Using the line with "오뚜기라면 5종세트(각 멀티" as your starting point, transcribe it and each line beneath it word for word until the records run out, without pictures.
═════ Material supplied
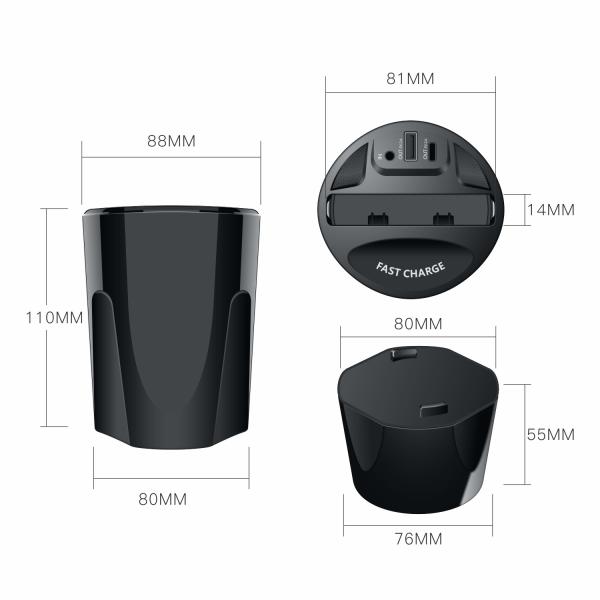 Qi Smart Phone Car Wireless Charging With USB 5V/2A Charging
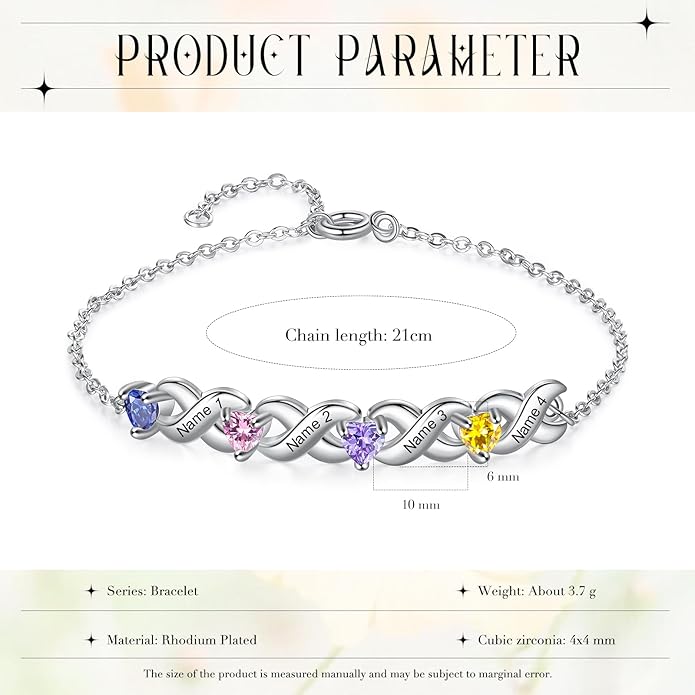 Personalized Custom Name Heart Bracelet with 1-6 Birthstone Bracelets for Women Engraved Family Names Link Bracelets for Mother's Day Mom Daughter
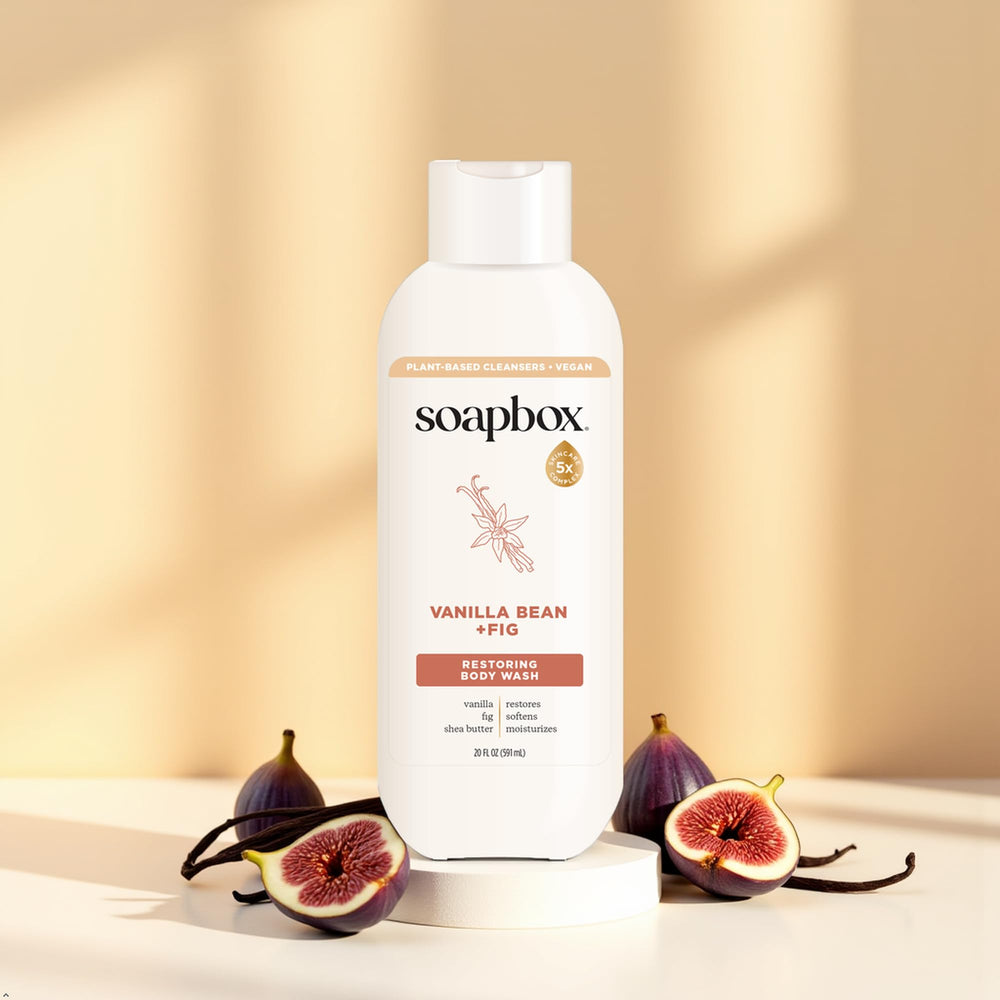 Soapbox Vanilla Bean & Fig, paquete de dos botellas, ahorro práctico para el hogar.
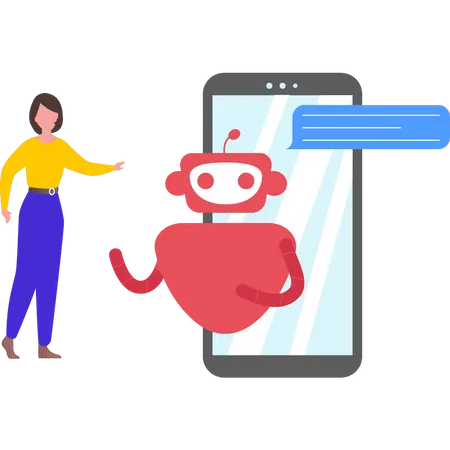 The Girl Is Talking To The Robot On The Mobile Illustration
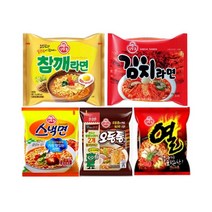 오뚜기라면 5종세트(각 멀티 1봉지) [열라면/오동통면/스낵면/김치/참깨라면], 1세트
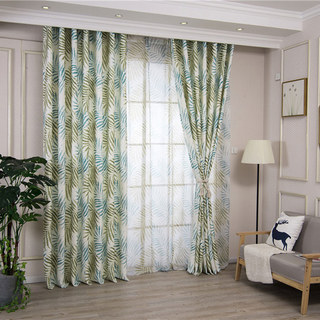 Feuilles de palmiers Bleu Imprimer Rideau floral 3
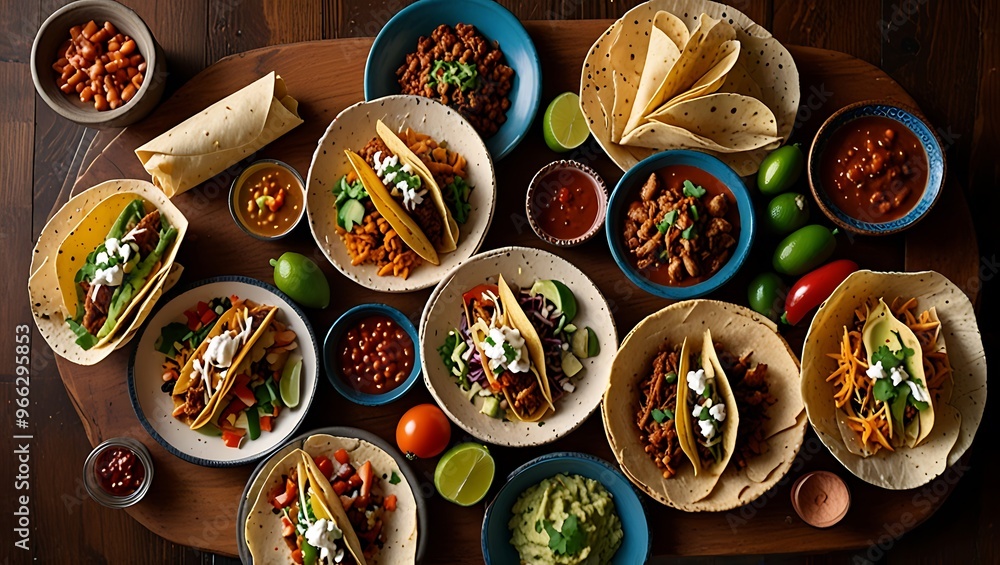 Fototapeta premium Mexican Food Fiesta - Tacos, tortillas and guacamole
══════════
» **Answer below**:
 오뚜기라면 5종세트(각 멀티 1봉지) [열라면/오동통면/스낵면/김치/참깨라면], 1세트
 Feuilles de palmiers Bleu Imprimer Rideau floral 3
 Fototapeta premium Mexican Food Fiesta - Tacos, tortillas and guacamole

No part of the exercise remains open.